Sans compter l’aide qu’il procure aux agriculteurs libanais soutenant 300 projets agricoles jusqu’à présent.
Dans le cadre d’une politique qui encourage l’économie productive, il s’intéresse aussi au secteur industriel, a révélé M. Fadlallah.
Et la dernière de ses initiatives : le Hezbollah a lancé depuis une dizaine de jours un projet d’aide massives aux familles les plus défavorisées. Il a ouvert des dizaines de supermarchés dans quelques régions libanaises ou les produits de première nécessité sont vendus à des prix cassés. Dotées d’une carte de ration distribuées dans ses bureaux de quartier, ces familles peuvent y faire leurs provisions, une seule fois par mois, pour empêcher les monopolisations.

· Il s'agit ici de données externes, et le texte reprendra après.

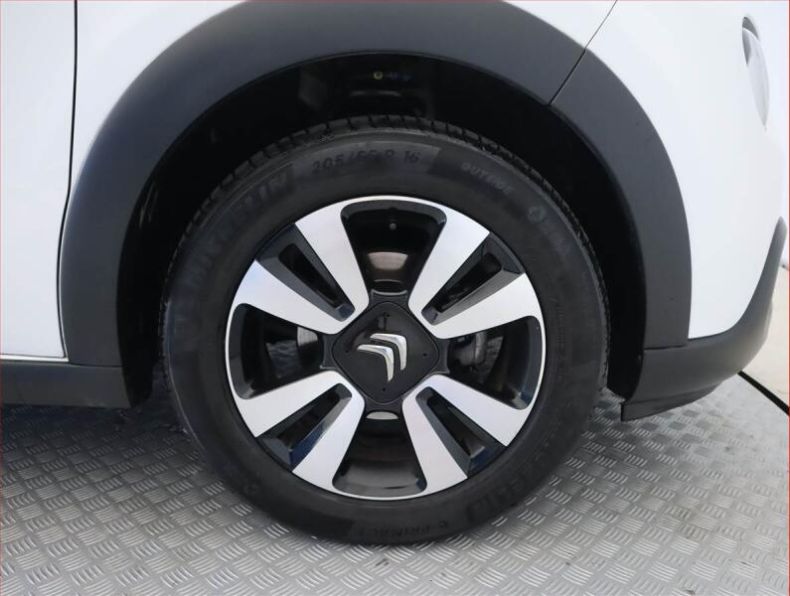 Citroën C3 - hlavní fotka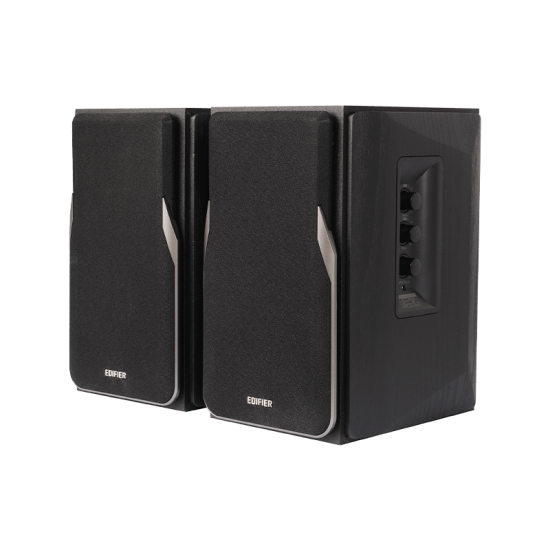Edifier Тонколони 2.0 R1380DB, черни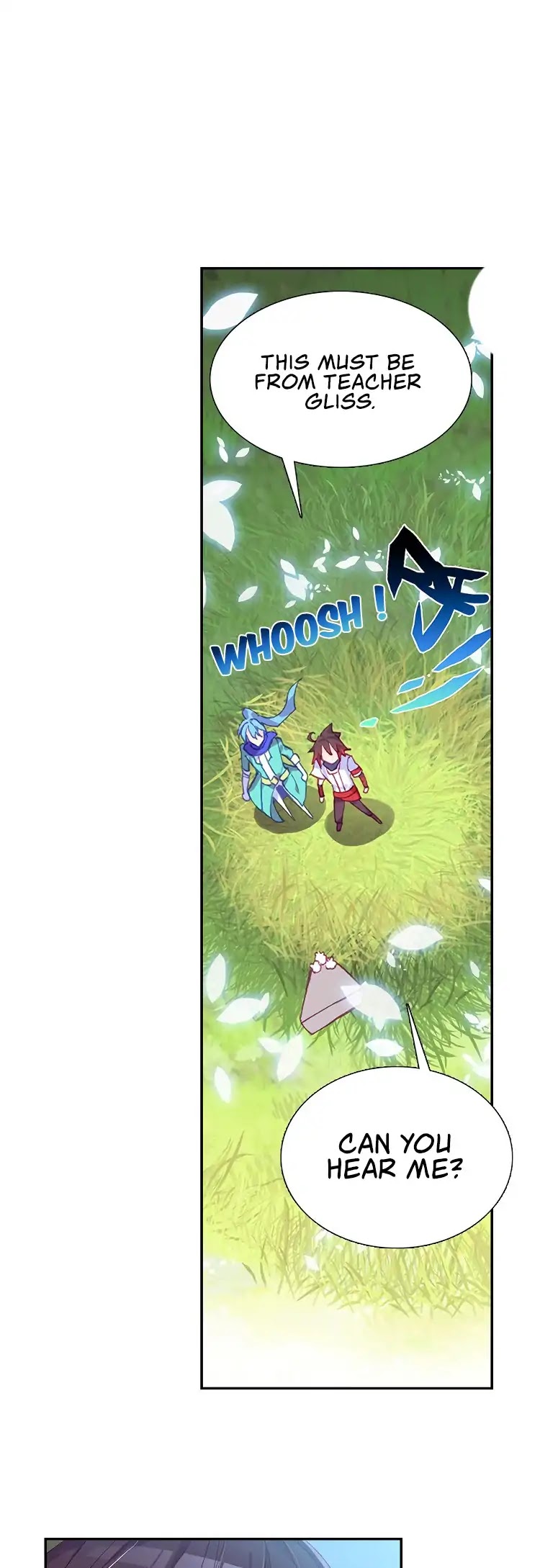 Shanliang de Sishen Chapter 79.1 page 11 - Chapter 79.1
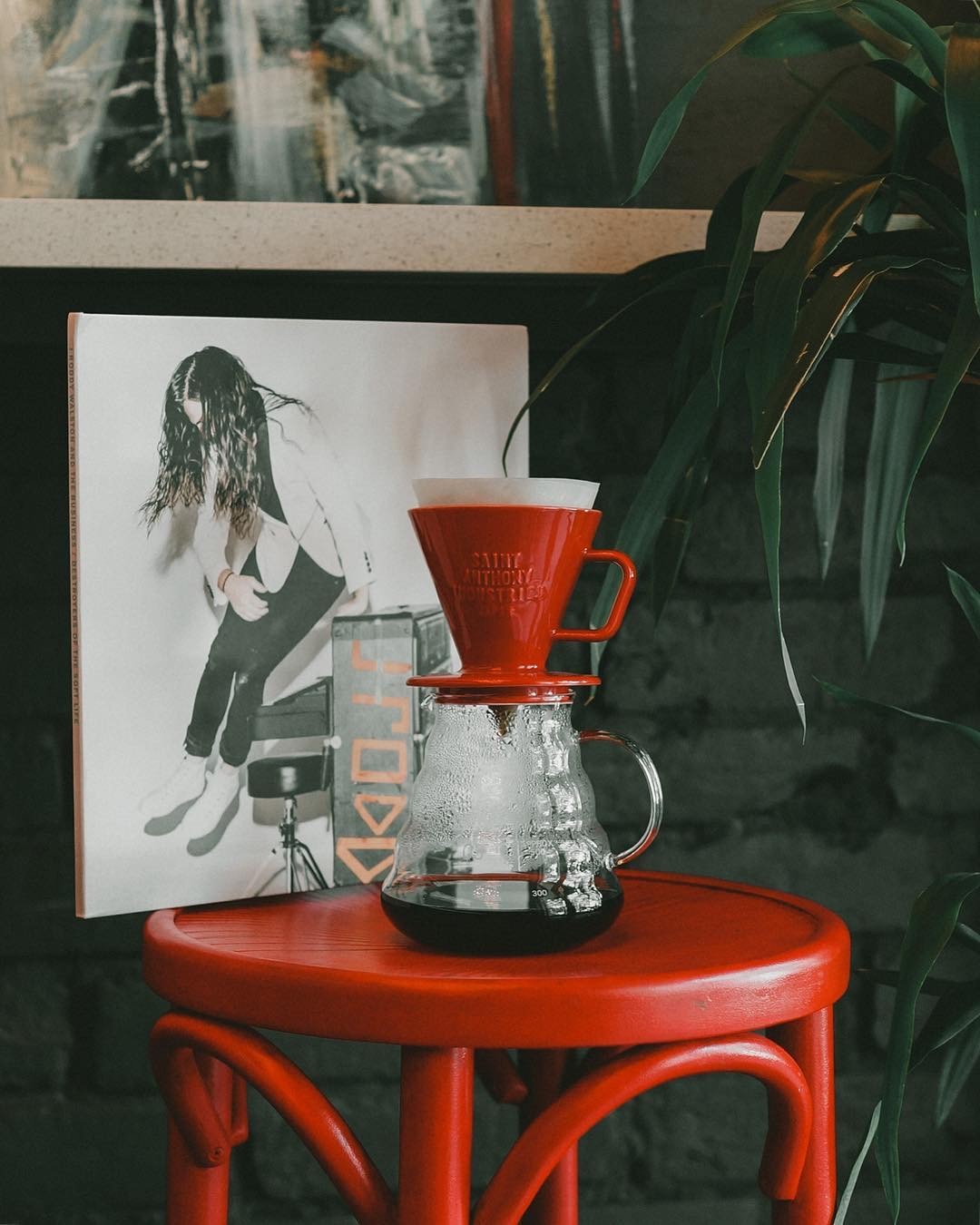 Photo NAKED COFFEE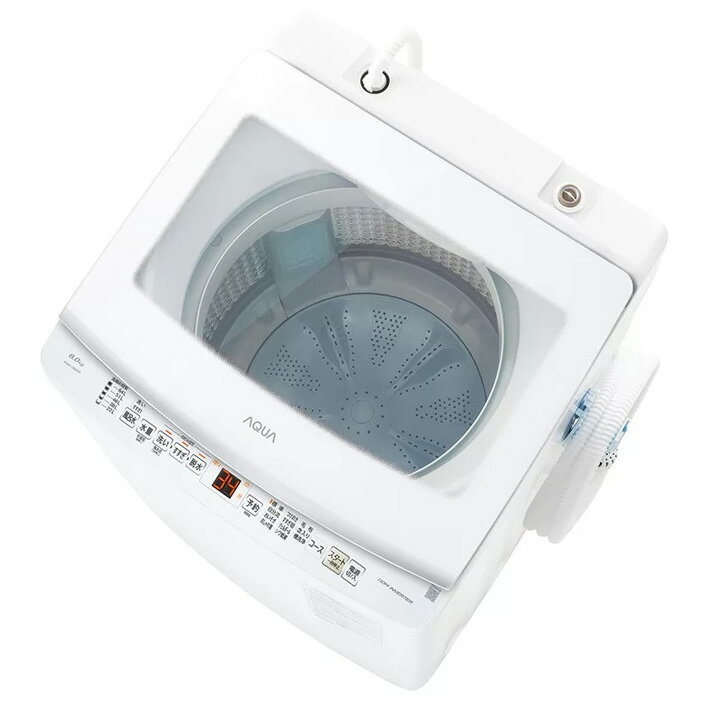 楽天市場】アクア aqw-va8nの通販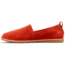 Sorel Ella Slip-On Shoes - Womens, Carnelian Red, 6.5, 1869801835-6.5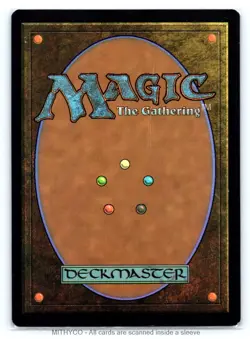 MTG Scarecrone Jumpstart NM - Image 2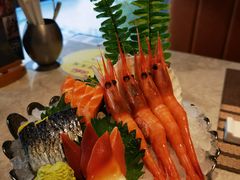 -極上萬膳·日料放题(来福士江景店)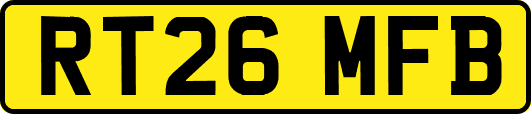 RT26MFB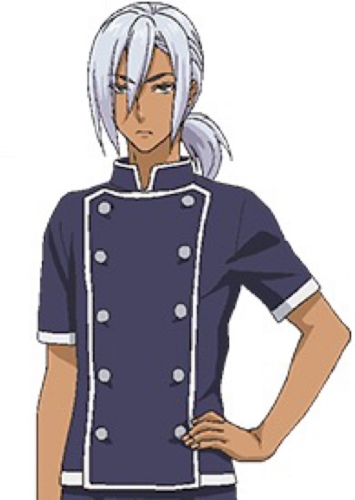 Akira Hayama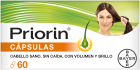 Priorin 60 gélules Priorin 60 gélules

Autant l’accueil favorable que cette initiative a reçu, elle a soulevé un tollé dans les milieux libanais pro américains. Stigmatisant entre autres le fait que dans les grandes surfaces ouvertes par le Hezbollah, on y vend aussi des marchandises iraniennes ou syriennes, en plus des locales, leur campagne d’acharnement contre le Hezbollah n’a pu cacher leur exaspération de voir leurs objectifs de faire sombrer le Liban tomber à l’eau.
C’est dans ces nouvelles conditions qu’est intervenue la visite de David Hale au Liban. Et son changement de ton perçu par ceux qui ont suivi ses déclarations.
« La principale préoccupation des Américains est actuellement d’empêcher l’effondrement du Liban et surtout qu’il ne tombe entre les mains du Hezbollah et de l’axe de la résistance. Etant donné que le Hezbollah semble s’être adapté au blocus et aux sanctions, en pompant de grandes quantités de marchandises et de produits alimentaires dans le marché pour renforcer la résilience de son environnement populaire et soutenir les autres environnements… c’est ce qui explique pourquoi est tombée la condition américaine qu’il ne soit pas représenté dans le gouvernement », a écrit al-Bina.
Les Américains misent néanmoins que le prochain gouvernement que formera Hariri se soumettra aux desideratas du Fonds monétaire international et de la Banque mondiale, lesquels conditionnent leur aide à des mesures d’austérité qui devront appauvrir davantage les Libanais. Il faut croire que le Hezbollah ne restera pas les bras croisés.
Ils misent aussi sur l’armée libanaise à laquelle ils multiplient les aides, sans passer par les mécanismes juridiques qui supervisent les offres de dons, ni par les transferts bancaires. Selon le journal libanais al-Akhbar, les Américains offrent des sommes allant de 300 mille à deux millions de dollars, dans des valises, à des officiers de l’armée. Ce n’est pas si sure que c’est leur carte gagnante. Au pays du cèdre, les Américains ne sont pas au bout de leur peine.